Lien vers la note complète : le marché de l’effacement industriel et tertiaire en France
Le marché de l’effacement, et plus généralement de la modulation de consommation, connaît un contexte difficile : les prix de l’électricité sont bas1 et le système électrique affiche une surcapacité autant en France2 qu’en Europe continentale3. A l’image des autres actifs de production d’électricité, les revenus de l’effacement sur les marchés ont donc diminué ; les efforts consacrés ces dernières années au développement de règles de marché permettant la valorisation de l’effacement sur les marchés énergie (NEBEF en sus du Mécanismes d’Ajustement – MA) n’ont donc pas permis à date de redonner un espace économique à l’effacement.

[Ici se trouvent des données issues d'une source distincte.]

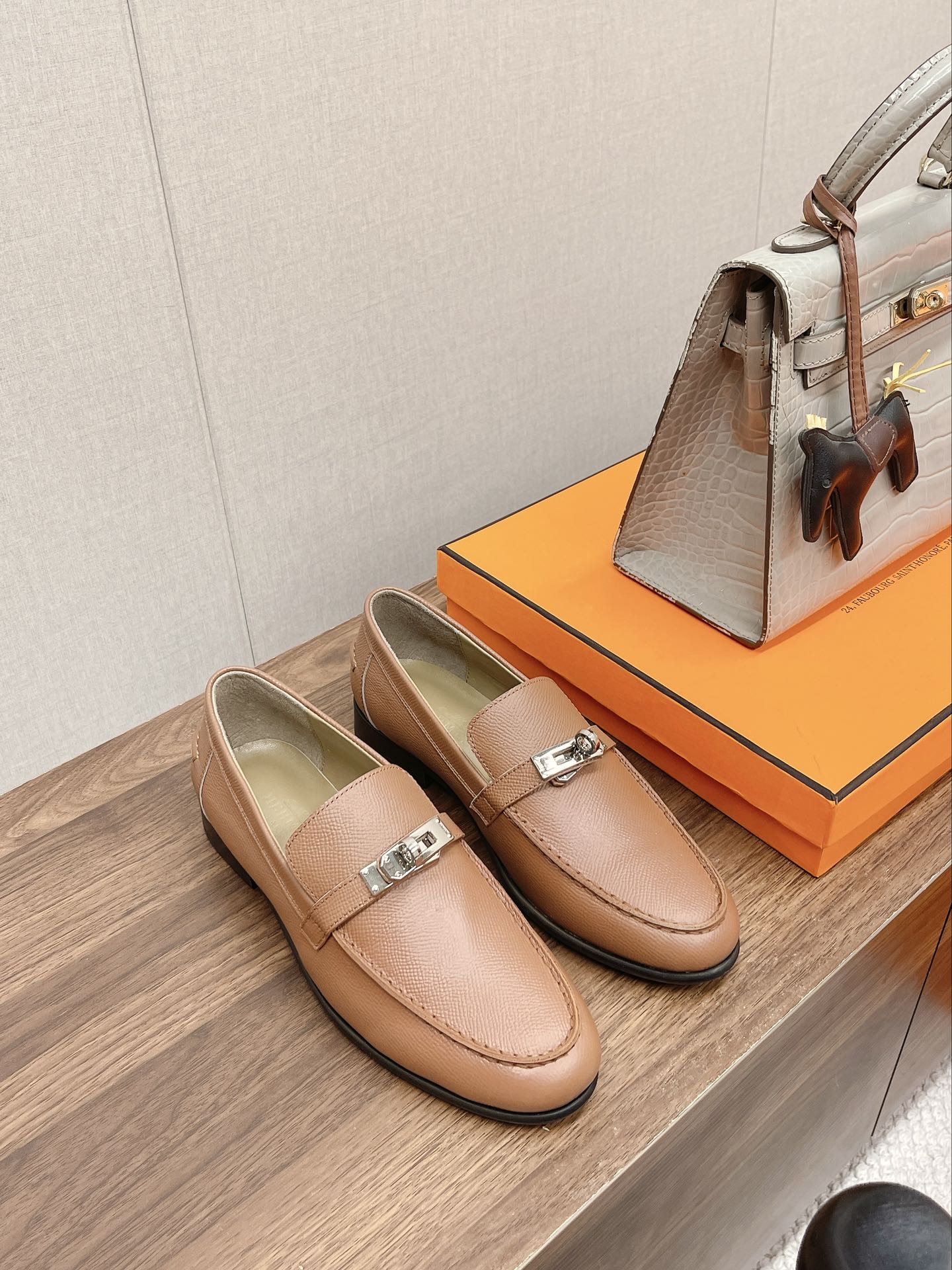 Luxury Shoes - Top QualityS - 132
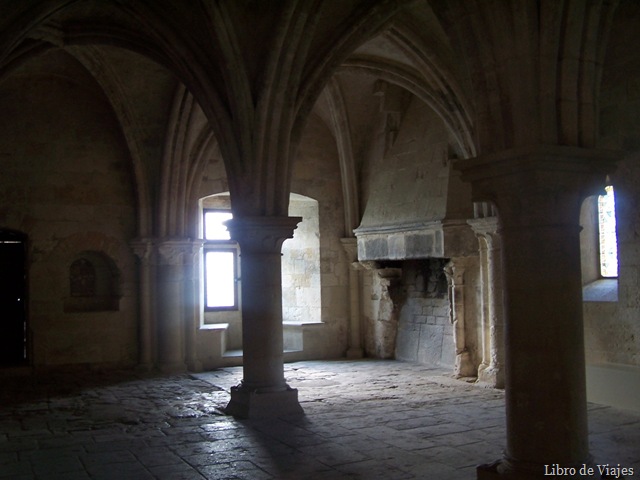 [InteriordelaAbadiadeSilvacaneenRoque[5].jpg]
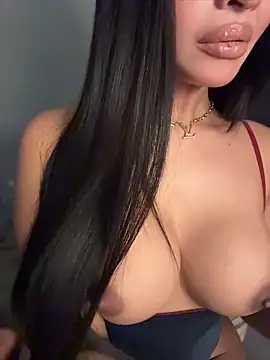 PrettyYoungHugeCockTS – Kamerová šou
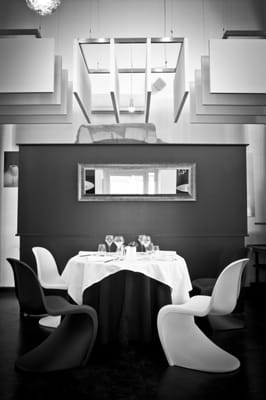 La Table Saint Crescent by null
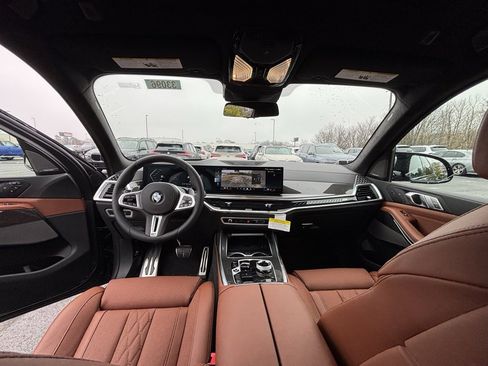 New 2026 BMW X7 M60i image 16
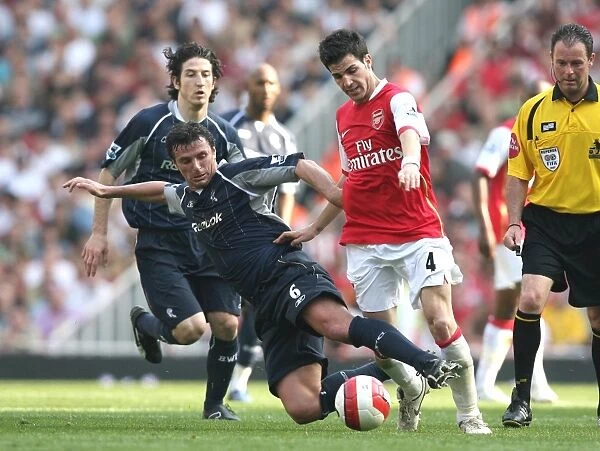 Cesc Fabregas's Brilliant Performance: Arsenal's Narrow 2-1 Victory Over Bolton Wanderers, FA Premiership, 2007
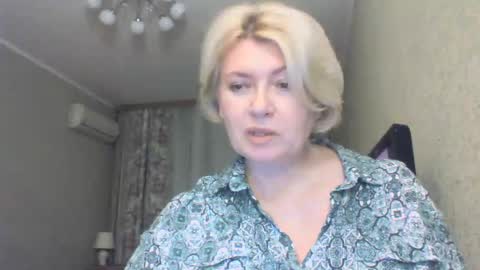 Snapshot of laramrs chatting on October 10, 5:07 pm laramrs online show from October 10, 5:07 pm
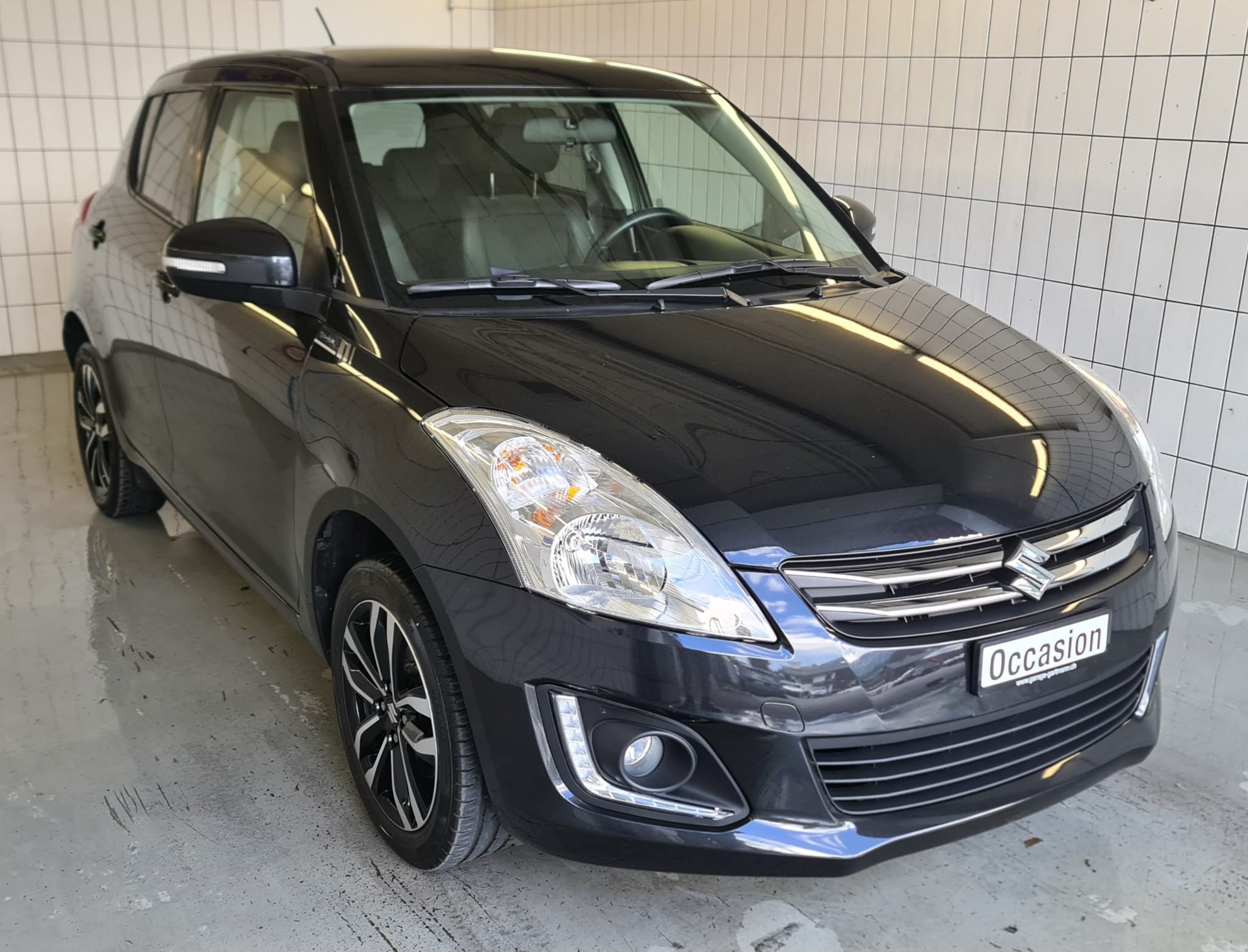 SUZUKI Swift 1.2i 16V PizSulai Top 4x4-image-1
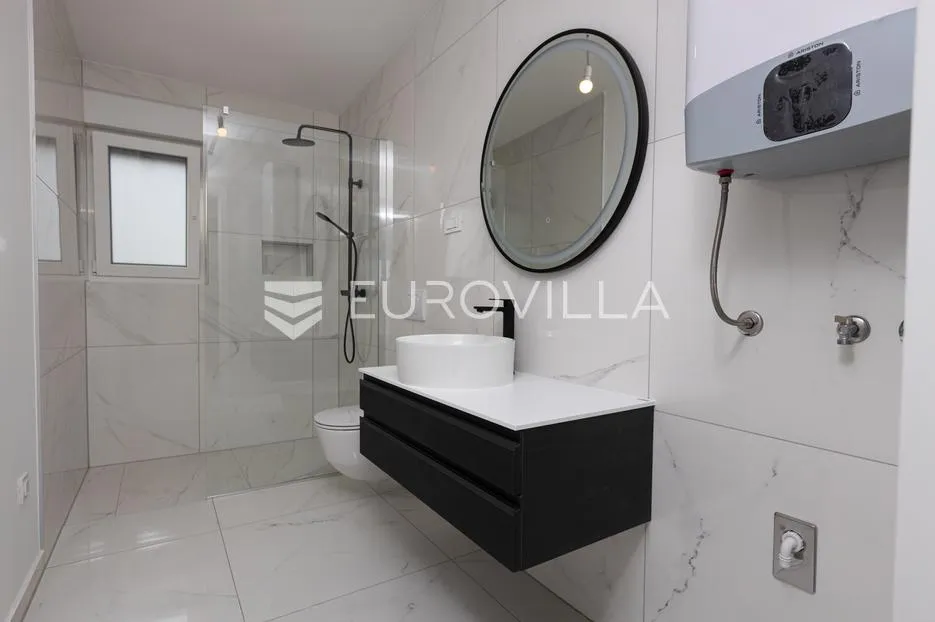 malinska, novogradnja, trosoban stan sa jednosobnim stanom od 115,40 m², pogled na more - slika 12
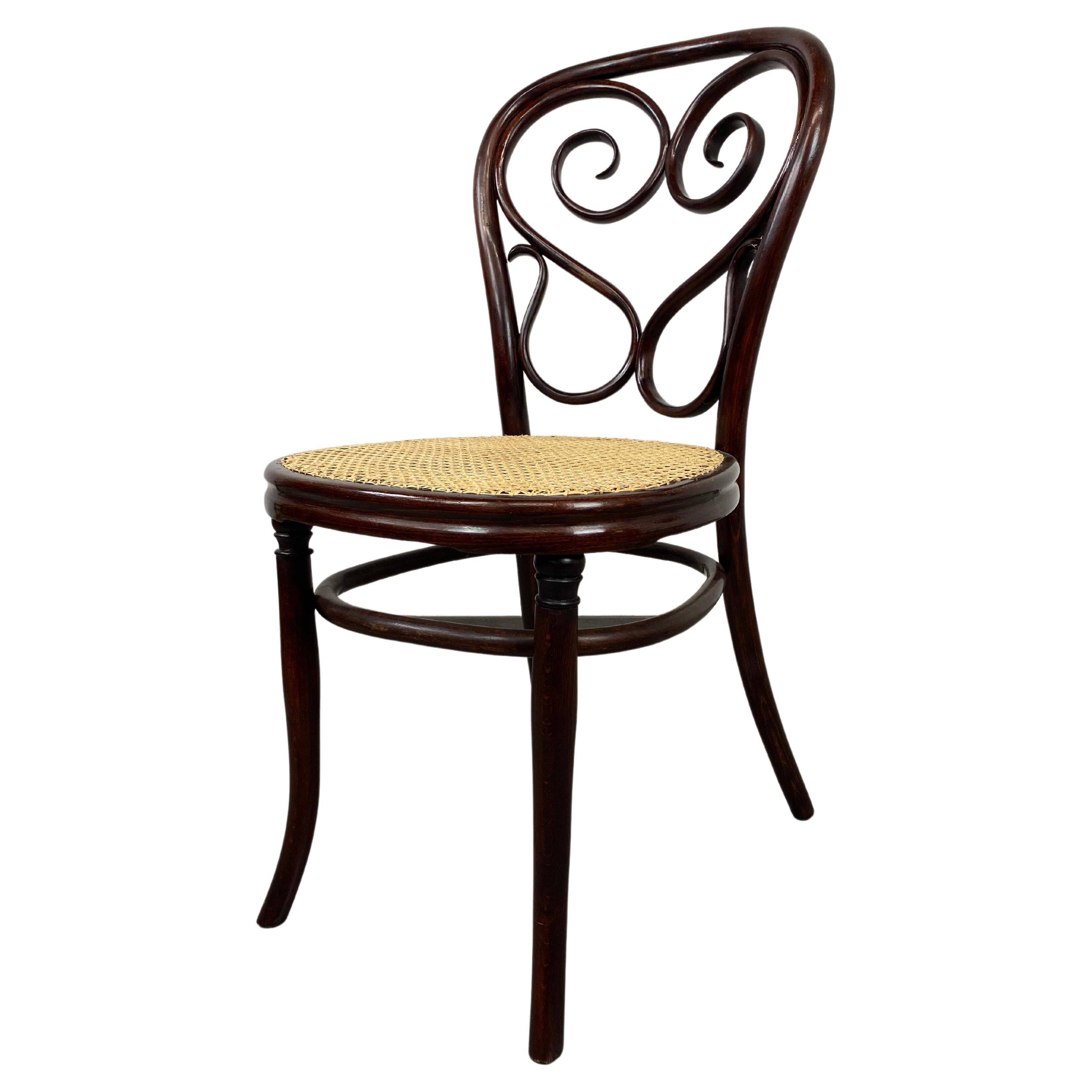 Chaise de salle à manger Thonet n°4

Parallèlement, les appels d’offres (AO) du gestionnaire du réseau de transport, dédiés à l’effacement, révèlent désormais des prix en baisse (5 à 15 €/kW/an) par rapport à la période 2008-2012, malgré des volumes en augmentation (+ 15% entre 2015 et 2016).
Dans ce contexte morose, notre étude interroge différents motifs d’optimisme « a priori » sur le court et le moyen terme, pour l’effacement industriel et tertiaire ; il s’agit spécifiquement d’évaluer huit dynamiques (de nature régulatoire, réglementaire ou marché) favorables au développement de cette activité et lui permettant de dégager de nouvelles marges de manœuvre pour les consommateurs et les opérateurs de marché. Le bilan qui peut être tiré de cette revue est nuancé :
1. L’extinction des TRV fin 2015, notamment les tarifs EJP4, libère une capacité d’effacement significative pour les offres de marché. Ces capacités n’ont pourtant pas été à l’origine d’un d’appel d’air : la faible valorisation des capacités sur les appels d’offres combinée à l’accroissement des contraintes sur les flexibilités commercialisées a réduit l’appétence d’une partie des consommateurs.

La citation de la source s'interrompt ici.